Exercise materials
_ _ _ _ _ _ _

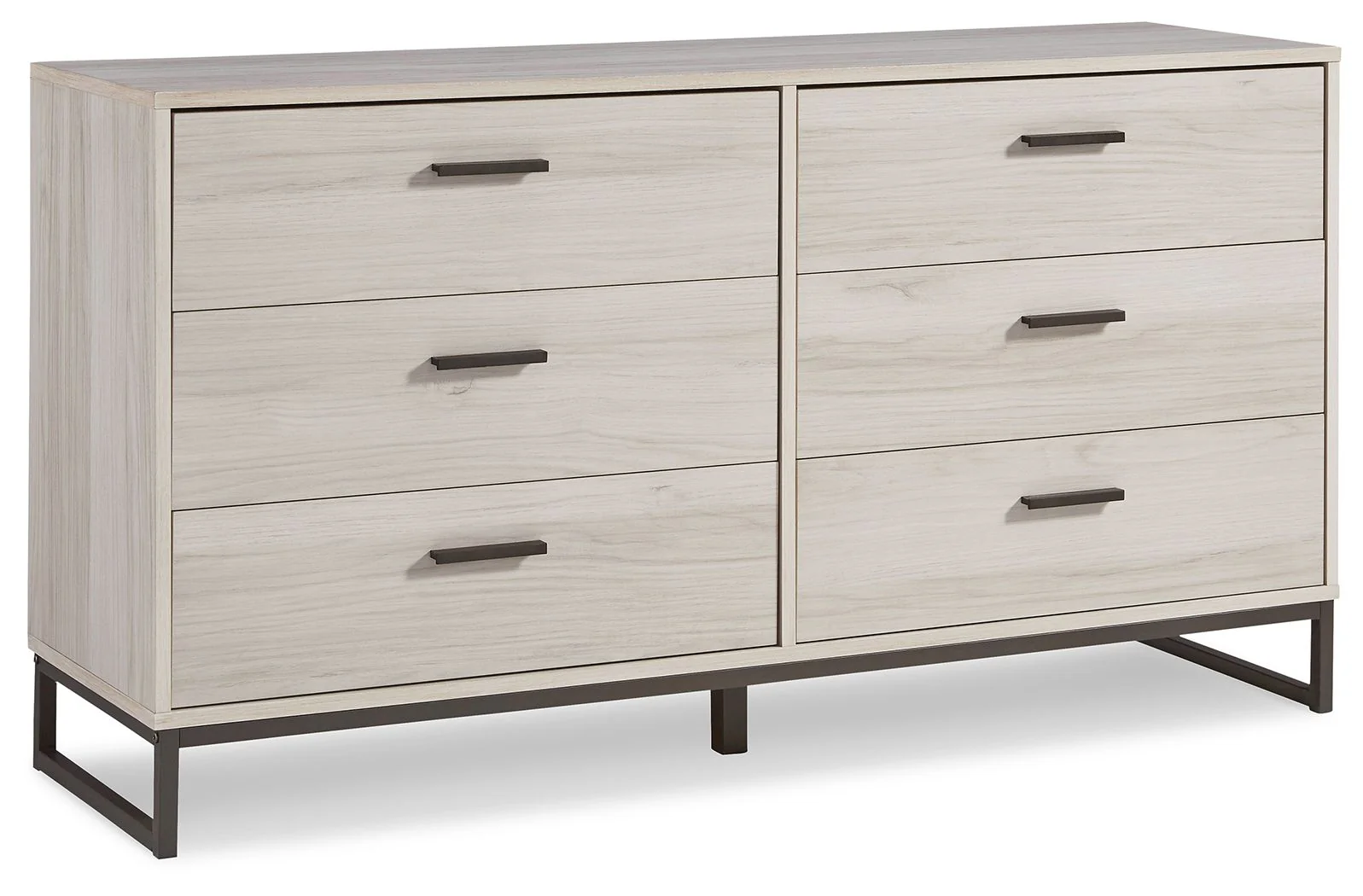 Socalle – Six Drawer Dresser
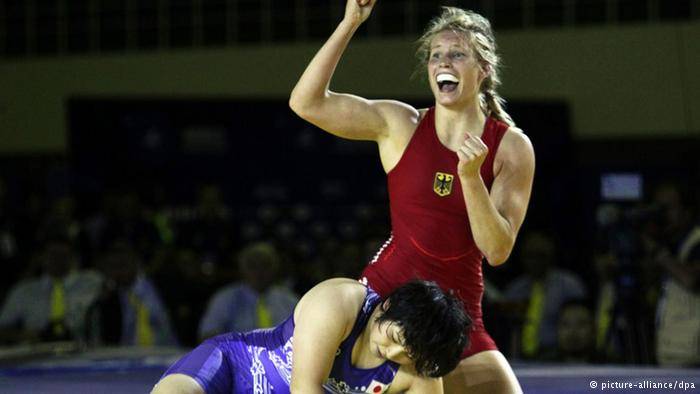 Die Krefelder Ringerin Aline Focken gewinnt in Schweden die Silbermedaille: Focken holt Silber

_ _ _ _ _ _ _

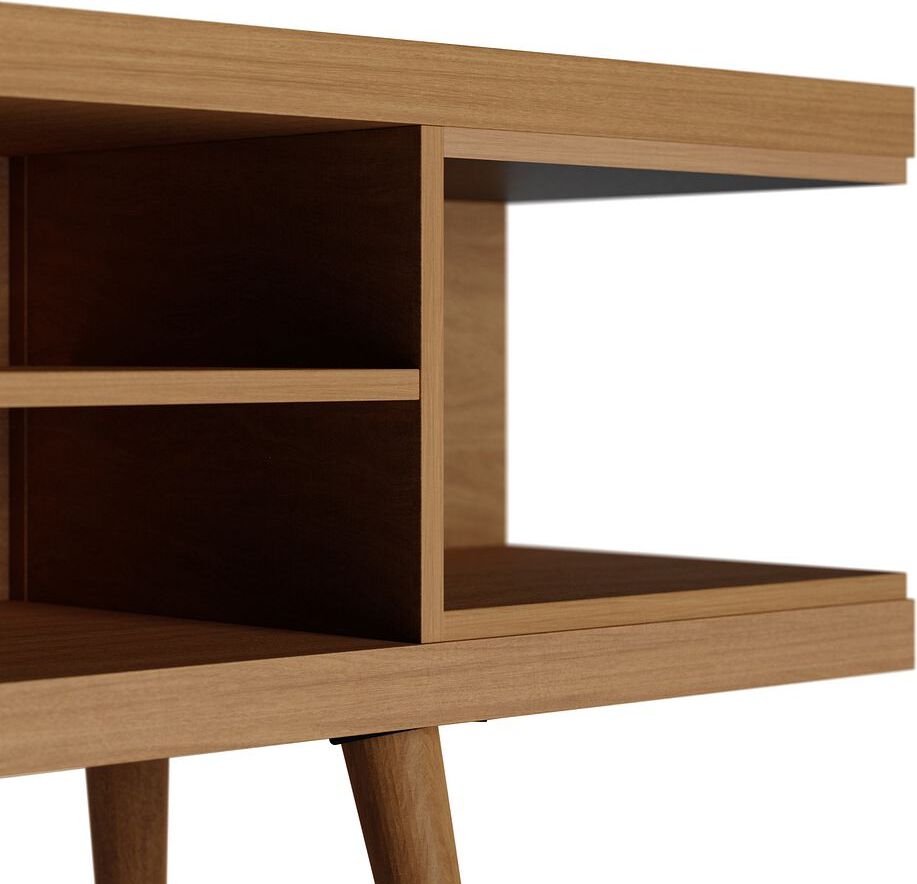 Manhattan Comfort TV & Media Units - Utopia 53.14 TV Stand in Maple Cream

_ _ _ _ _ _ _

Reproduce, word for word, only the lines in the records above from the line with "Socalle – Six Drawer Dresser" through the line with "Die Krefelder Ringerin", including both ends; omit the pictures.

 Socalle – Six Drawer Dresser
 Die Krefelder Ringerin Aline Focken gewinnt in Schweden die Silbermedaille: Focken holt Silber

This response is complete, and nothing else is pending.